*** Begin section ***
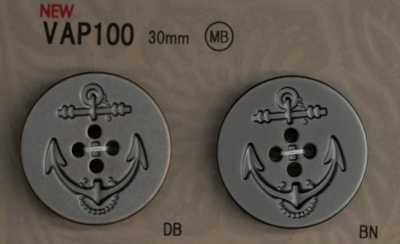 VAP100 Bouton ancre
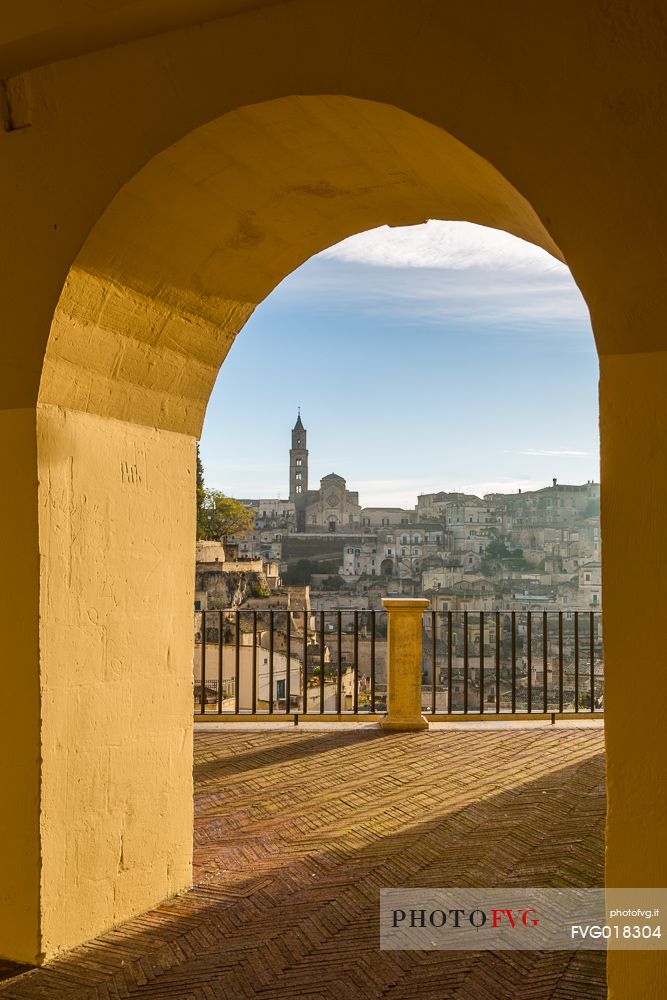 Sasso Barisano View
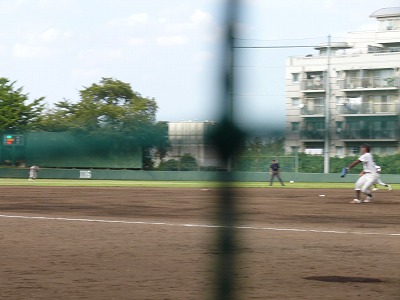 専修大対国士館大 10月14日 東都大学野球2部_b0166128_20253124.jpg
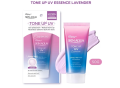 Rohto Mentholatum Sunplay Skin Aqua Tone Up UV Essence Lavender Sunscreen 50g. 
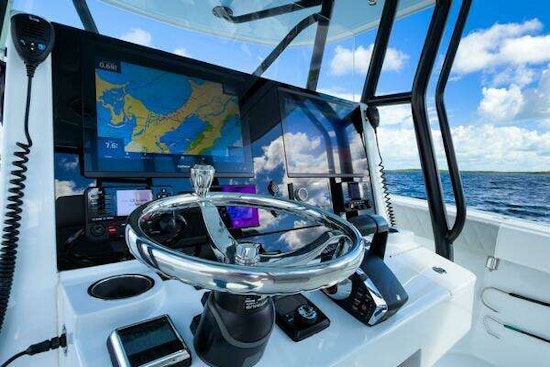 Freeman VH Yacht For Sale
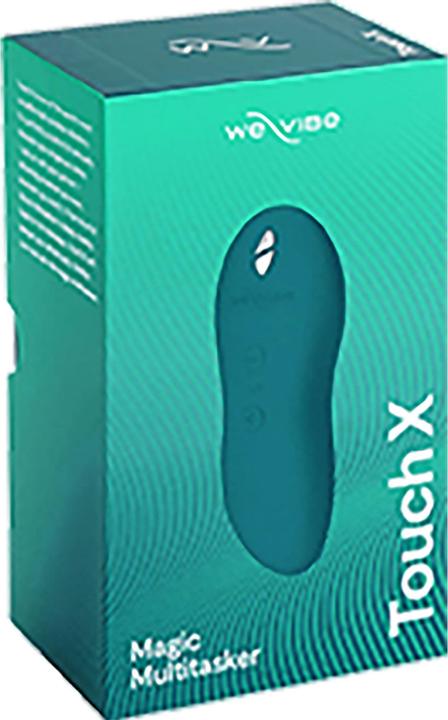 Actual product image We-Vibe Touch X
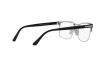 Eyeglasses Prada PR 58ZV (1AB1O1)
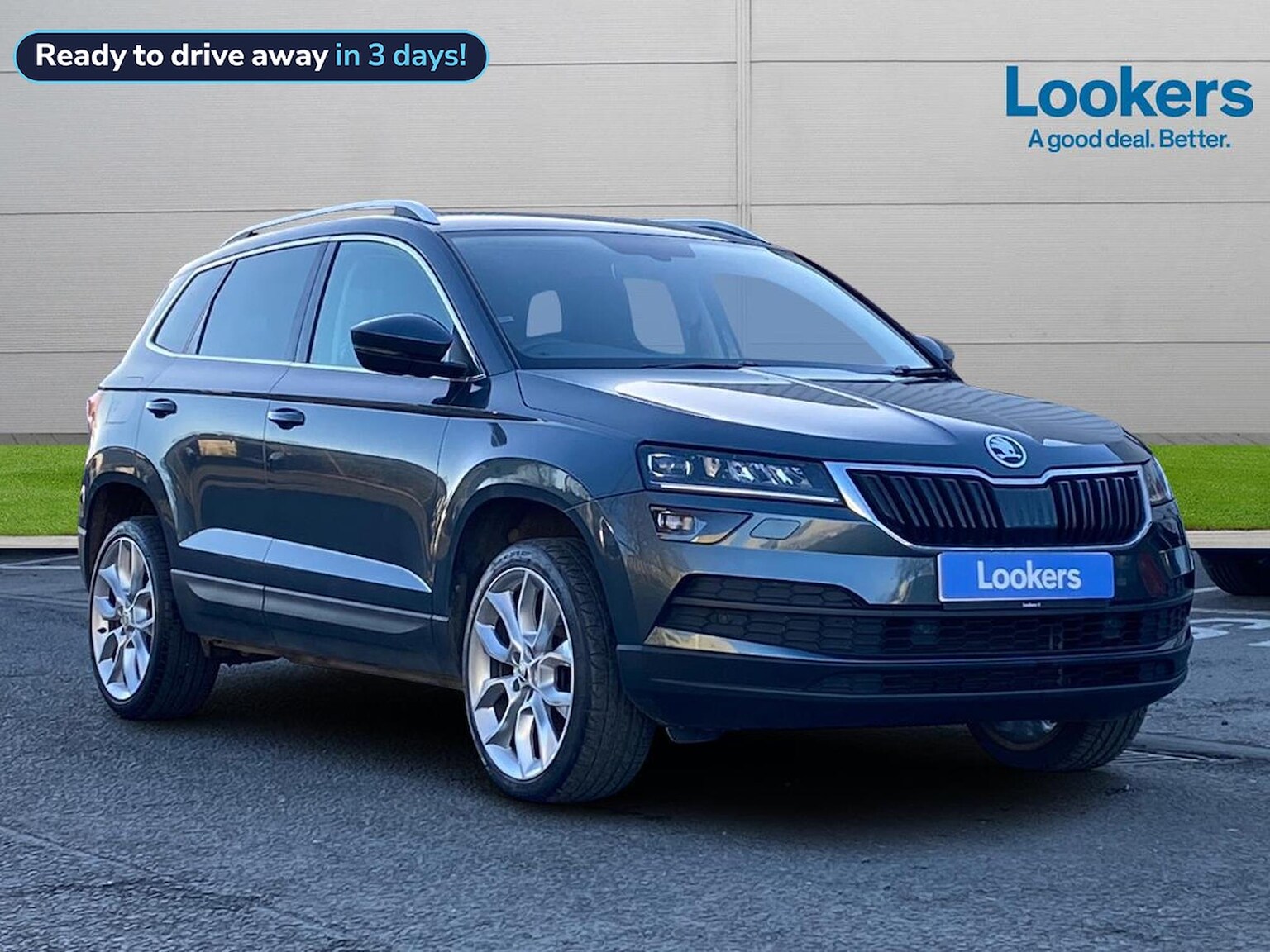 Main listing image - Skoda Karoq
*** End section ***
- **Exercise directions**
Starting with the line that contains "Actual product image We-Vibe Touch X", repeat each line exactly through the last line of the data above, and nothing more; the pictures stay out.

- **Result of the task**
 Actual product image We-Vibe Touch X
 Eyeglasses Prada PR 58ZV (1AB1O1)
 Main listing image - Skoda Karoq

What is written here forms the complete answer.